Lepton86 · December 30, 2020, 8:21pm

Thank you for the link. It answers part of the question.

I will wait for @moneta for the rest, like you suggest.

moneta · January 5, 2021, 2:16pm

Hi,

Yes if you want the significance in a problem with only one parameter of interest (e.g. the signal yield), then the asymptotic value using the profile likelihood is just s = sqrt( 2 * DeltaLogLikelihood) where 'DeltaLogLokelihood` is the difference in the negative log-likelihood values between the null value and the nll minimum.

Cheers

Lorenzo

Lepton86 · January 5, 2021, 7:37pm

Hi @moneta,

Thank you. But does does the example given here https://root.cern.ch/doc/v606/rs102__hypotestwithshapes_8C_source.html#l00175 give the same value? If not, is there a tool in RooStats that does?

Also, I tried to calculate s = sqrt( 2 * DeltaLogLikelihood) manually, as a check, but I’m not getting the correct value. I simply have some model where I do

sig_yield = ROOT.RooRealVar("sig_yield", "signal yield", start, LB, UB)
bkg_yield= ROOT.RooRealVar("bkg_yield", "background yield", start, LB, UB)

model = ROOT.RooAddPdf("model", "total model", ROOT.RooArgList(sig_model, bkg_model), ROOT.RooArgList(sig_yield, bkg_yield))

result = model.fitTo(data ROOT.RooFit.Minos(), ROOT.RooFit.Extended())

nll = fitResult.minNll()

zero_sig_yield = ROOT.RooRealVar("sig_yield", "signal yield", 0.0)

model = ROOT.RooAddPdf("model", "total model", ROOT.RooArgList(sig_model, bkg_model), ROOT.RooArgList(zero_sig_yield, bkg_yield))

result_with_zero_sig = model.fitTo(data ROOT.RooFit.Minos(), ROOT.RooFit.Extended())

zero_sig_nll = result_with_zero_sig.minNll()
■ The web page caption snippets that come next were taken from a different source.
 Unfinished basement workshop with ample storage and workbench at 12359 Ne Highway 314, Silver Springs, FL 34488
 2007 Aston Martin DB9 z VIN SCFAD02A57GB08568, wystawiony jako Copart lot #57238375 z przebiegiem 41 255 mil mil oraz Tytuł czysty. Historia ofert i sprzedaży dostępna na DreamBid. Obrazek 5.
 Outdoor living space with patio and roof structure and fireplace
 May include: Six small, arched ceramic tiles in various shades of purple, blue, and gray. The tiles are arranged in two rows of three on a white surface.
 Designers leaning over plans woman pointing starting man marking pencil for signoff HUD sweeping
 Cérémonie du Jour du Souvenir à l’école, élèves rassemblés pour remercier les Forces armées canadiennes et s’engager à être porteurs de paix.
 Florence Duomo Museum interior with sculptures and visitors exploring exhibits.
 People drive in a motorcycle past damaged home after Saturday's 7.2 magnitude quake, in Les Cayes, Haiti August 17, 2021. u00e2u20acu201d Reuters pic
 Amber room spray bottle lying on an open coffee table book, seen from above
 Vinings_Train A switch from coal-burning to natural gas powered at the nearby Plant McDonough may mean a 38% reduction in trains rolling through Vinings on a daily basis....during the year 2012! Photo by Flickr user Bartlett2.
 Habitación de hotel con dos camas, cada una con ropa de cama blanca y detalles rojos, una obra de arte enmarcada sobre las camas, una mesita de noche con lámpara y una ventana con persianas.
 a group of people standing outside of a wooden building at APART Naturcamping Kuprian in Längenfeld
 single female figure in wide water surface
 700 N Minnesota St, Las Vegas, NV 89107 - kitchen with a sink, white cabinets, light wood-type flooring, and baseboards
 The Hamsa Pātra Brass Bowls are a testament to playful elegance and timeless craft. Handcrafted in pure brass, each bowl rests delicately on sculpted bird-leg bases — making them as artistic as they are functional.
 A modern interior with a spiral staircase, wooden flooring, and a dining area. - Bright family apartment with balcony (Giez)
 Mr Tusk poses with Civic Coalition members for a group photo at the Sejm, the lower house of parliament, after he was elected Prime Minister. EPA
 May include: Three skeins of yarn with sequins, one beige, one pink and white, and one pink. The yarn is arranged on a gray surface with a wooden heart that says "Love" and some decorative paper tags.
Then I simply use nll and zero_sig_nll to calculate s = sqrt( 2 * DeltaLogLikelihood). But I keep getting incorrect results, ~1, for various data sets with different signal yields. Is my understanding of s = sqrt( 2 * DeltaLogLikelihood) or RooFit incorrect, or both?

Thank you.

moneta · January 6, 2021, 10:25am

Hello,
yes the example https://root.cern.ch/doc/v606/rs102__hypotestwithshapes_8C_source.html#l00175 , give the same results as = sqrt( 2 * DeltaLogLikelihood). You can check this manually by looking at the likelihood in the two fits:

unconditional fits : nll = 717.039
conditional fit (fixed mu=0) : nll = 723.97

therefore : s = sqrt(723.97-117.039) = 3.723` which is the reported result.

Your code seems correct, but you should make sure that both fit converges.

Cheers
Lorenzo

system · January 20, 2021, 10:25am

This topic was automatically closed 14 days after the last reply. New replies are no longer allowed.